Primary LanguagePythonMIT LicenseMIT

Mono Cipher Suite

This cipher suite is a simple implementation of the mono-alphabetic substitution. The main purpose of this tool is to demonstrate how to crack/derive the used substitution alphabet by using statistic analysis.

Features

  • Encryption
  • Decryption
  • Key derivation (Get substitution alphabet from ciphertext)

Usage

usage: mono.py [-h] (--encrypt KEY | --decrypt KEY) [--out OUT] FILE

Encryption

Example: Encrypt content of plaintext.txt with rehmtfzgoxsqwpclbanjdykuiv and save in file cipher.txt

python mono.py --encrypt rehmtfzgoxsqwpclbanjdykuiv plaintext.txt --out cipher.txt

Decryption

Example: Decrypt content of cipher.txt with rehmtfzgoxsqwpclbanjdykuiv and save in file plaintext.txt

python mono.py --decrypt rehmtfzgoxsqwpclbanjdykuiv plaintext.txt --out plaintext.txt

Key Derivation

usage: break_mono.py [-h] FILE REFERENCE_DATA

Example: Derive key from cipher cipher.txt using King James Bible as reference statistics

python break_mono.py cipher.txt king_james.txt

Method

The key derivation is done in two phases.

Phase 1

In the first phase an initial key is derived simply by the unigram distribution given from the reference statistics.

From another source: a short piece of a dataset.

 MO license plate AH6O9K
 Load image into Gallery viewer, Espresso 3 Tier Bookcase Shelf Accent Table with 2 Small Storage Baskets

Therefore it is assumed that the character which is most likely to occur in the cipher would be the same as in the reference text. This is done in descending order for every character.

Phase 2

In this phase the key given from the previous phase is optimized by using a Maximum-Likelihood approach. The key is optimized by randomly swapping two characters from the initial key alphabet. Next the cipher is decrypted using the new key and a fitness score is calculated. If the fitness score is better for the key than the previous one. The newly obtained key is assumed to be the correct one. This is done until a certain convergence criteria is met. This is given by "no better key in the last 2000 iterations".

License

MIT licensed 2020 Cedrik Kaufmann. See the LICENSE file for further details.